Not all biologists would agree that every instance described in the paper should be classified as cancerlike. What is clear from the abundance of examples is that multicellular life is a continual struggle between competition and cooperation. Tip the balance too far, and the result might be a malignancy.
In the long run of evolution, the trade-offs between cellular freedom and communalism have frequently paid off. Multicellularity, imperfect as it must be, can be so advantageous that it has evolved independently a number of times during the history of the biosphere.
Most of Earth’s biomass still consists of individual actors — bacteria and other single-celled creatures.

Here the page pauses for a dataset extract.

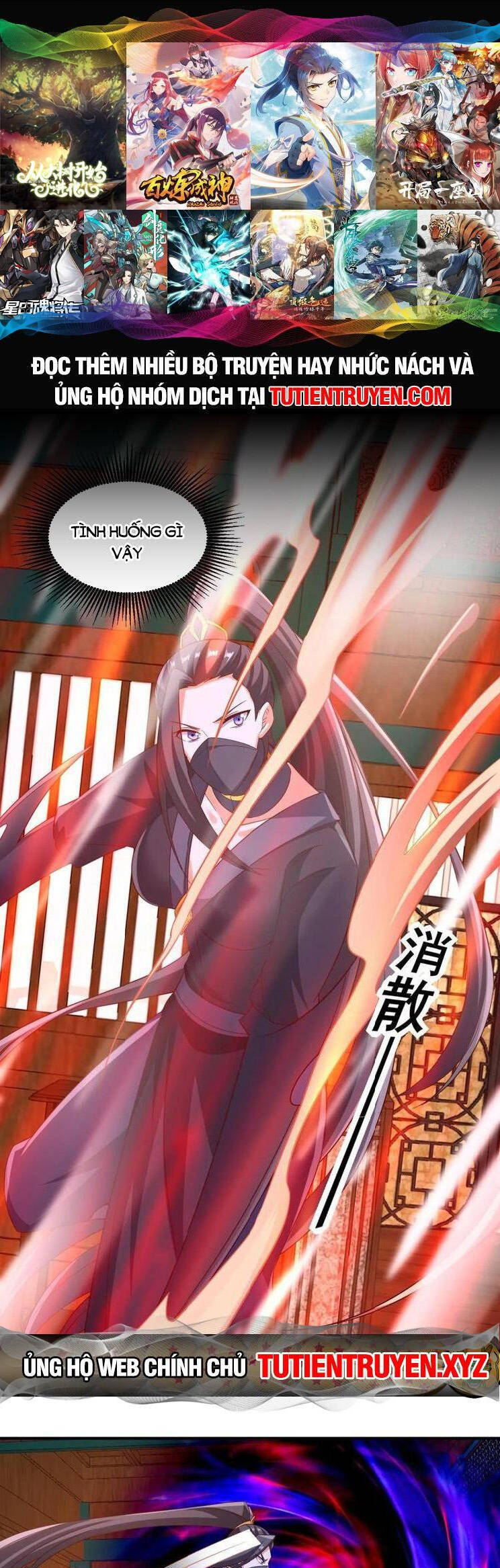 Mở Đầu Nữ Đế Làm Chính Cung: Chapter 259.1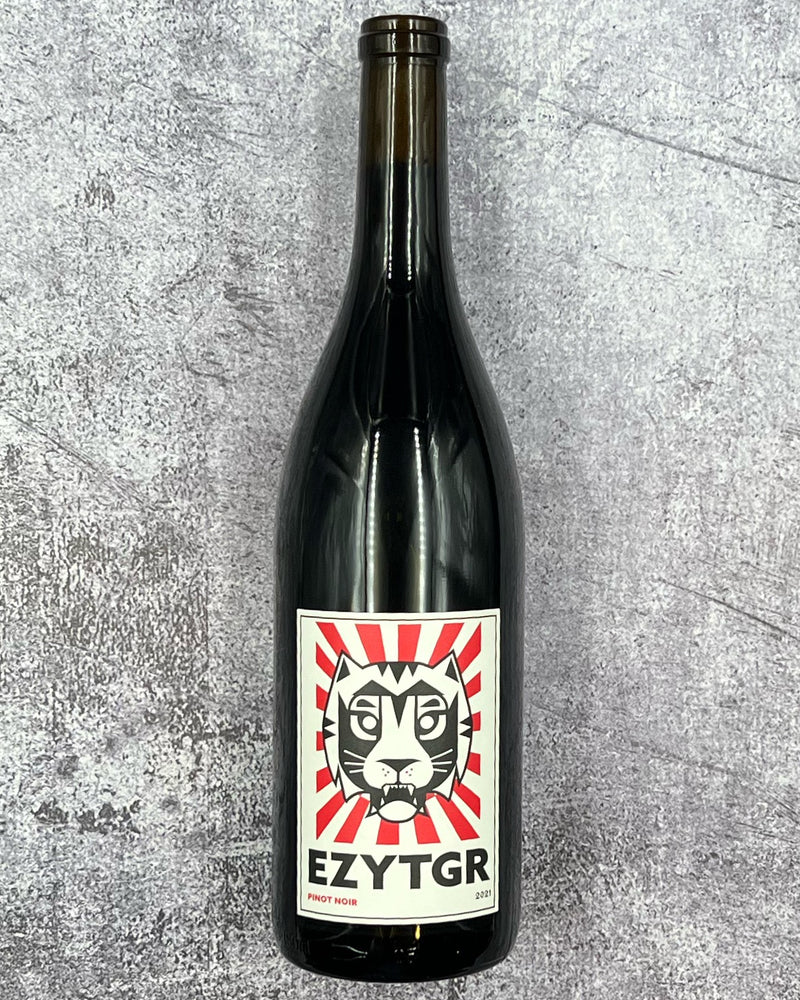 2021 EZY TGR Willamette Valley Pinot Noir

Often, however, these microbes also cede some of their independence, banding into primitive collectives, like the invisible biofilms that coat surfaces of hospital equipment or thrive in our mouths as dental plaques. These mutual support societies can be all but invincible to antibiotics.
Yet here too, some research suggests, cooperation can give rise to cheating. Taking advantage of the sustenance and shelter provided by the biofilm, some bacteria will squander resources and thrive at the expense of the others — a microscopic tragedy of the commons.
Even cancer cells, once they gain the upper hand, may also begin cooperating with one another — to the benefit of the tumor and to the peril of its host.
As the cancerous cells divide and mutate, they diverge into separate lineages, or “subclones,” each with different abilities. In a deadly symbiosis, one family of cells might manufacture a substance that benefits the others, which in turn makes other chemicals the tumor needs to grow and colonize remote parts of the body.
Through a complex chemical dance, cancer cells can even beguile healthy cells into doing their bidding, acting in ways that promote the malignancy. It’s a strategy all too familiar in life: cooperate just enough to gain your competitors’ trust and then betray them for your own advantage.
In the end, there are no winners. The cancer destroys its own ecosystem and dies with its host.